L’Edito du Rezo
L’esclave affranchi de la République captive, 4 mois, le pays en « mode d’élection » ?
Le communiqué de la Présidence du 7 octobre 2025 se veut un acte de diplomatie, mais il sonne comme une provocation. À quatre mois de la fin de son mandat, le Conseil Présidentiel de Transition parle de « mise en mode élection » avec le sérieux d’un élève récitant un texte qu’il ne comprend plus. Quatre mois pour préparer un scrutin dans un pays sans institutions, sans sécurité, sans Conseil électoral credible (800 000 cartes doublons), sans confiance. C’est peu dire : la République est nue, mais on l’habille de promesses.
L’histoire haïtienne regorge de paradoxes, mais celui-ci a un goût amer. Voilà que l’ancien serviteur, l’esclave affranchi, se révèle plus sévère que le maître blanc. L’homme libéré des chaînes en forge de nouvelles, plus fines, plus locales, plus cruelles. Saint-Cyr et son équipe administrent la misère comme d’autres administraient la plantation. Le maître colonial a disparu, remplacé par un domestique qui règne avec la même suffisance, la même froideur. Et dans le miroir du pouvoir, la République captive contemple son geôlier qui se croit libérateur.
Laurent Saint-Cyr et son épouse, en visite officielle au Japon du 8 au 12 octobre, se rêvent empereurs d’une transition éternelle. Ils marchent dans les couloirs des palais étrangers comme s’ils y cherchaient l’onction du monde civilisé. Dessalines n’aurait pas parlé de “mode élection” à quatre mois d’un départ qu’il aurait déjà fixé dans le marbre. Lui, au moins, avait l’audace de dire non aux maîtres.

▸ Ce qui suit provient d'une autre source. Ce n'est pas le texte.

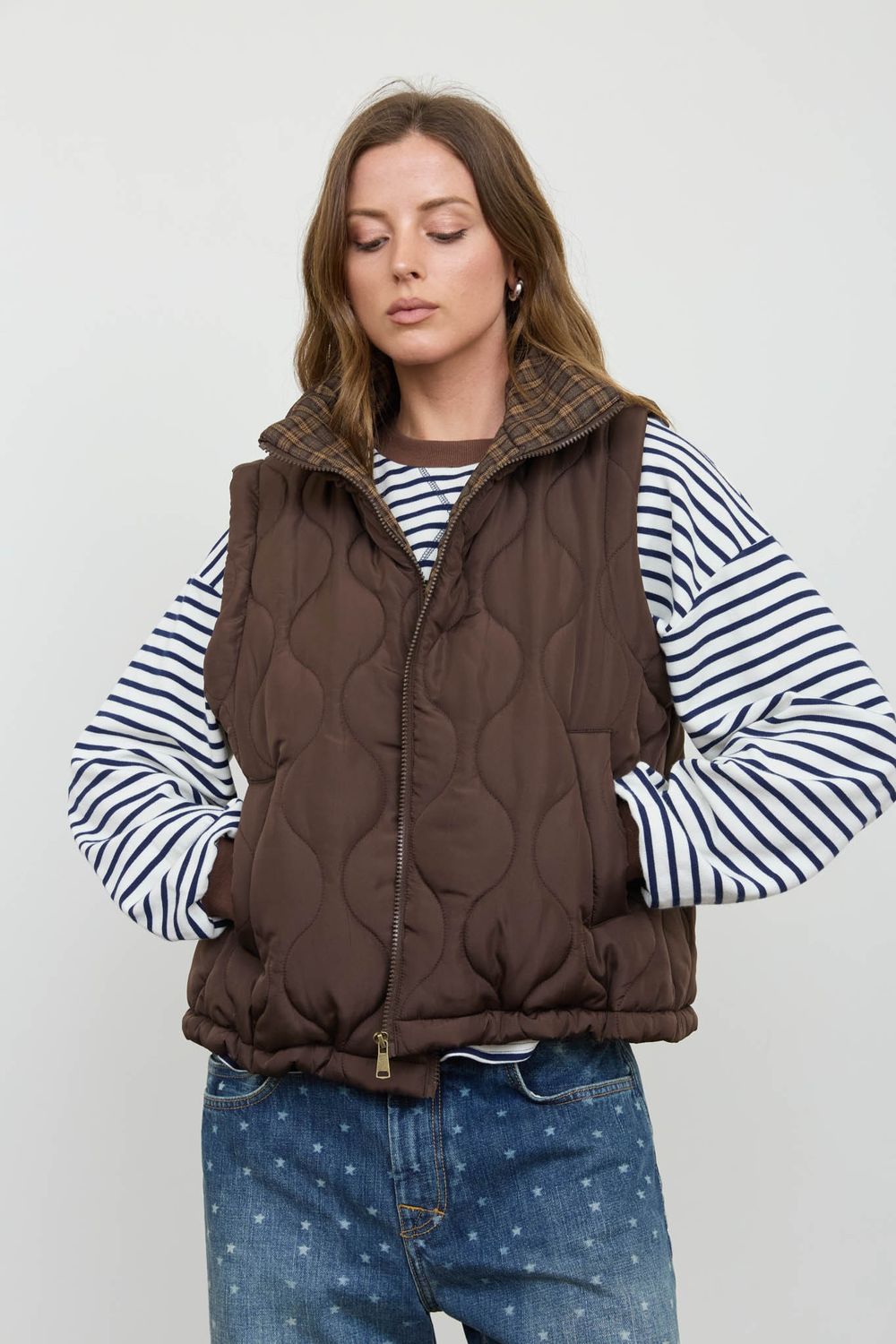 Plaid Collar Quilted Vest - Dark Brown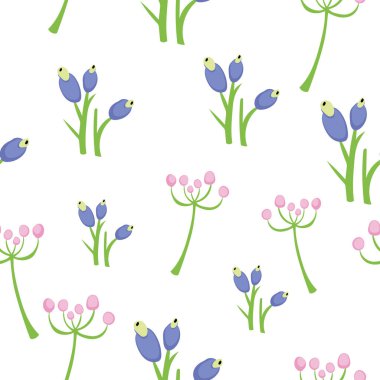 Çiçekli desen. Baskı, tekstil ve ambalaj kağıdı için mükemmel. Vektör illüstrasyonu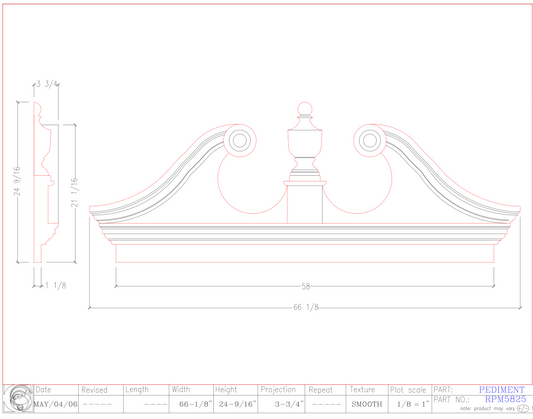 Rams Head Pediment with Mantle | RPM5825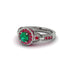 Emerald Double Halo Handmade Engagement Ring - Gracelyn No. 51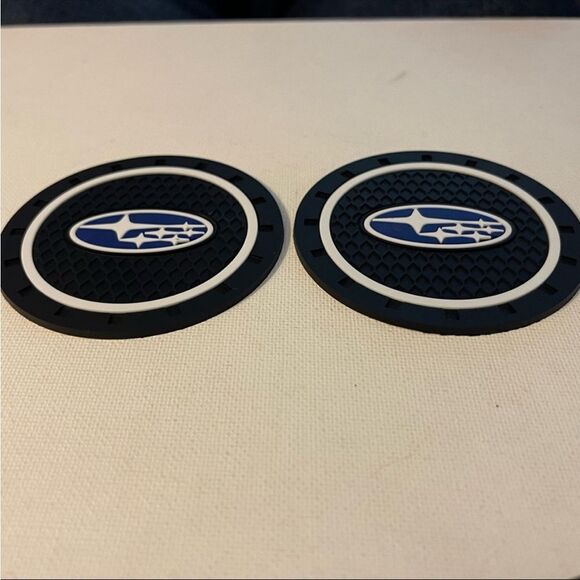 Subaru Car Cup Coasters in Black Set of 2 NWT - Picture 3 of 4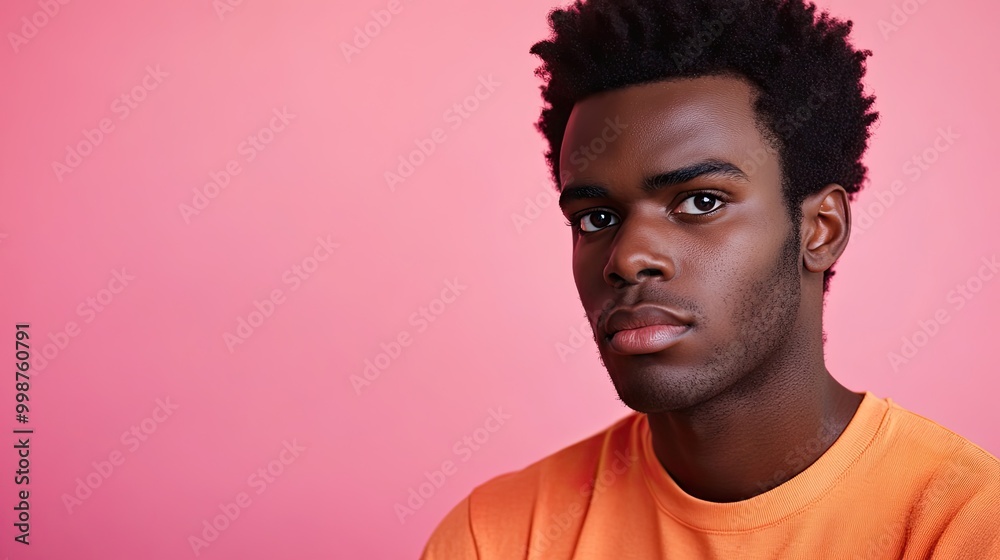 Portrait of a jaded young black man isolated on a plain pink background, with copy space. Portrait of a jaded young black man isolated on a plain pink background, with copy space.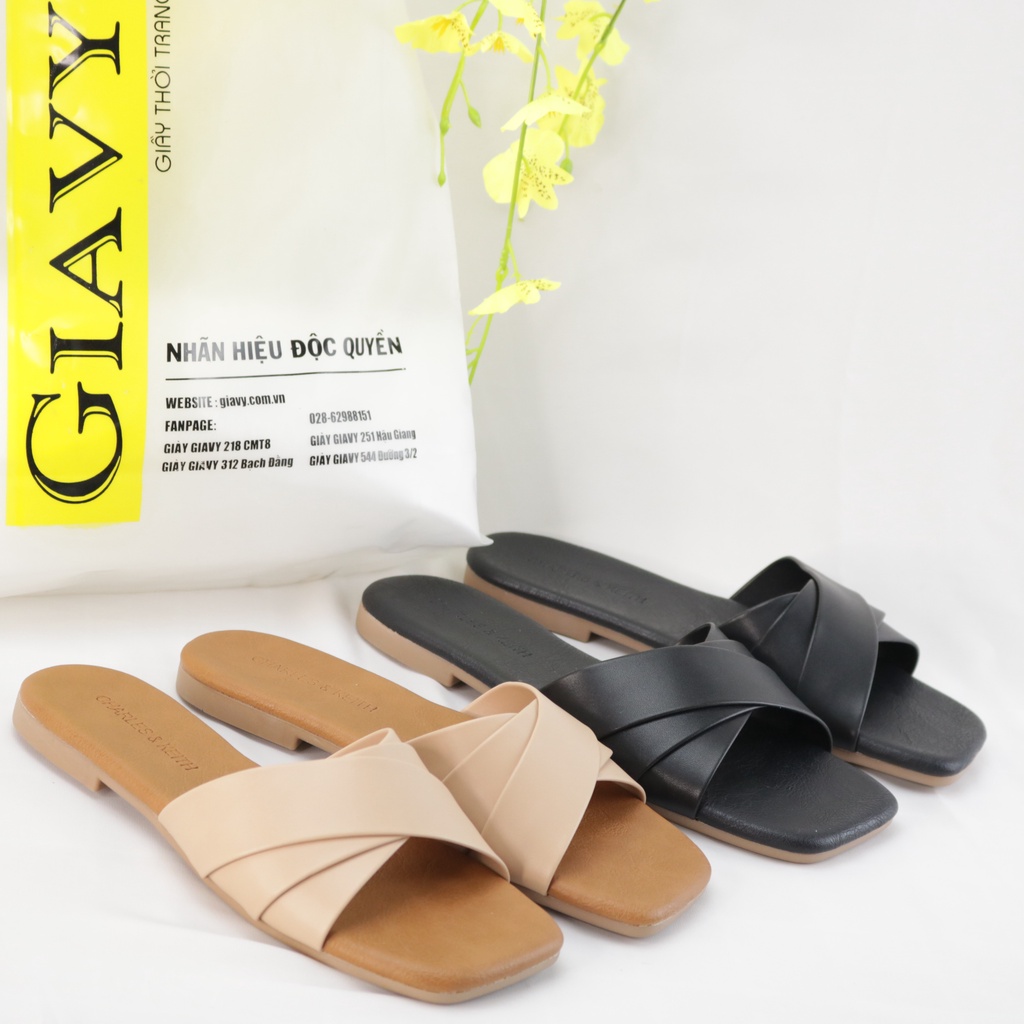 Dép nữ Giavy quai ngang 3 xếp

Eux, ils multiplient les courbettes diplomatiques, confondant reconnaissance et reddition.
Pendant plus d’un an, le CPT n’a fixé ni date ni méthode, préférant se quereller pour des budgets de carnaval, des fonds d’information, ou les reliques du 18 mai et du 18 novembre. La République, comme la cigale du conte, a chanté tout l’été, et voici que l’hiver arrive. La fourmi – le peuple, la diaspora, ceux qui tiennent encore la maison debout – doit une fois de plus prêter sa sueur à ceux qui n’ont rien semé.
À Miami, devant la diaspora, Laurent Saint-Cyr ose dire qu’Haïti est « en mode élection ». Cette phrase seule suffirait à mesurer la distance entre l’État et la Nation. Elle révèle cette arrogance des élites qui croient que le simple fait de prononcer le mot “élection” suffit à en conjurer la réalité. Mais les Haïtiens ne sont pas dupes. Ils ont trop souvent vu la farce se rejouer : les promesses, les voyages, les sourires diplomatiques — tout cela pour masquer la vacuité du pouvoir.
Alors, oui, la question demeure. L’esclave affranchi est-il plus terrible que le maître blanc ? Peut-être. Car celui qui a souffert du joug et choisit malgré tout d’en reproduire les formes n’est plus seulement victime : il devient complice. Et la République, captive d’un cercle sans fin de transitions, attend toujours son véritable affranchissement.